大勢のギャラリーの前で踊れるって楽しい!

取材・文/井上兼行
写真/鈴木健夫

 すし石垣がバーディ奪取後に行う“すしダンス”も、ファンにはすっかり定着してきた。しかし今大会、ダンスは控えめだった。
「ん〜、気がそっちに入りすぎちゃうんでしょうか。バーディを取ってダンスをした後のホールでは成績が悪いんです……」
 最終日も、17番まで6バーディ、1ボギーとスコアを伸ばしていたが封印していた。実は最近、石垣は“気”について考えながらプレーをしている。というのも、昨年6月から指導を受けているトレーナーから、“プレー中に無駄な気を発することで、持久力や集中力が欠けてしまう”ということをいわれたそうだ。
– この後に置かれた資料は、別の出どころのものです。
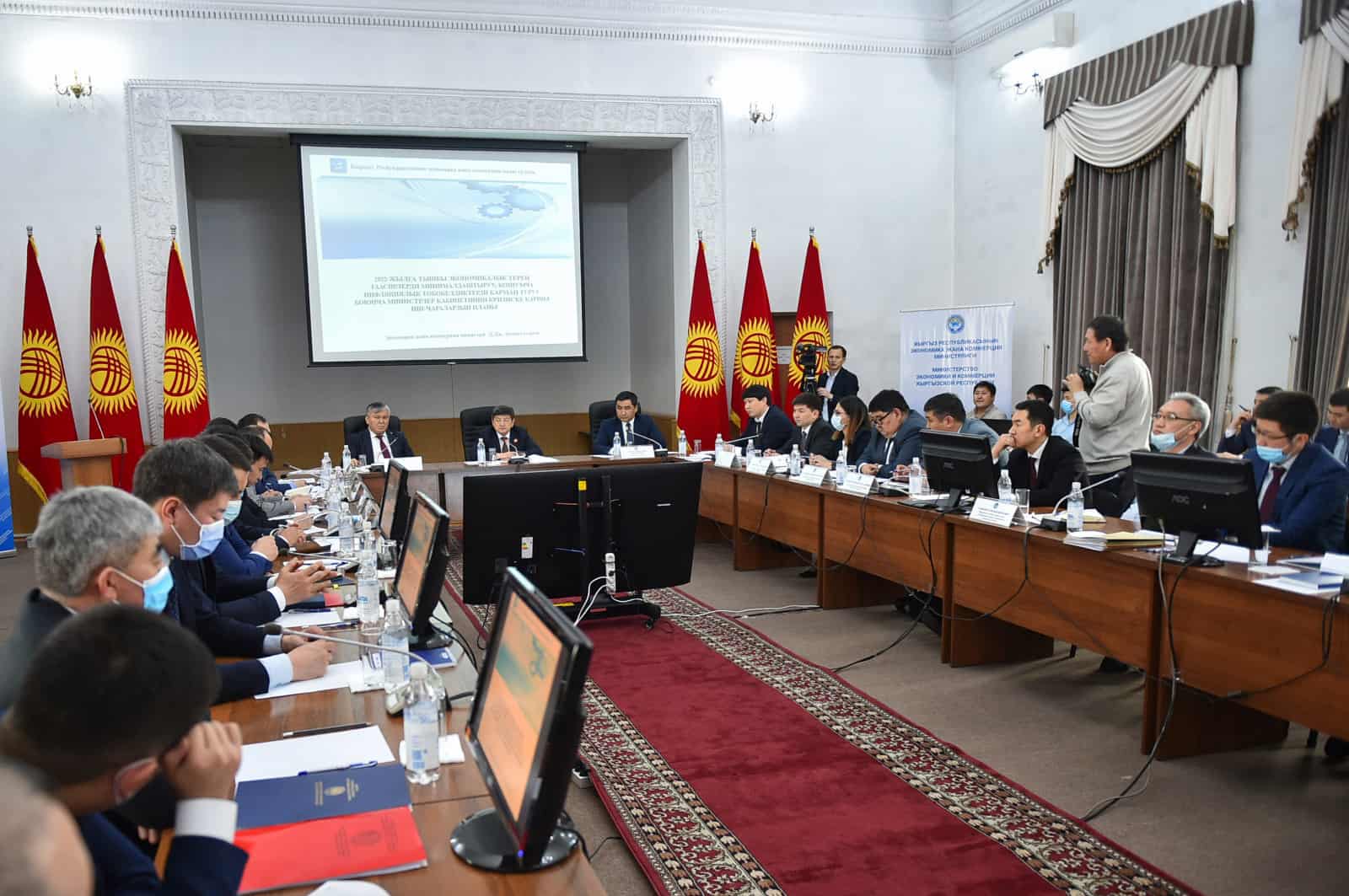 Акылбек Жапаров провел совещание по выработке антикризисных мер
 派手なパフォーマンスは、石垣の持ち味であり、ダンスをすることで元気にもなるというもの。しかし、ダンスではなく
「最終日は、見に来てくれたファンの子どもに元気をもらいながらプレーしていましたよ。3歳くらいまでの小さい子どもを見つけたら、ボールをプレゼントして握手。子どもの笑顔に元気をもらってね」
 と、踊りたい気持ちを抑えてプレー。そして迎えた18番。6メートルのバーディパットをねじ込み10アンダーにすると、それまで眠っていた火山が噴火するように、熱烈な舞を披露した。
「ファンも期待しているのが分かったし、最終ホールだし、バーディだし、もう踊らずにはいられない状況。ボールがカップに入った瞬間、体が勝手に動き出しちゃいました。激しすぎるかなって、自分で思うくらいのダンスでしたよ。でも、大勢のギャラリーの前で踊れるって本当に気持ちいい!」
 4位タイフィニッシュで471万円を獲得し、賞金ランキングも43位に浮上。念願のシード権を獲得にも、もうひとふん張り。
「ボクは、まだ発展途上。でも上昇気流に乗っていることは確かです」
 今後はプレー中ではなく、最終ホールで舞うことが多くなりそうな“すしダンス”。今回は、ガマンしての18番グリーンでの熱烈ダンスだったが、これが優勝となれば? その熱烈さは想像もできない?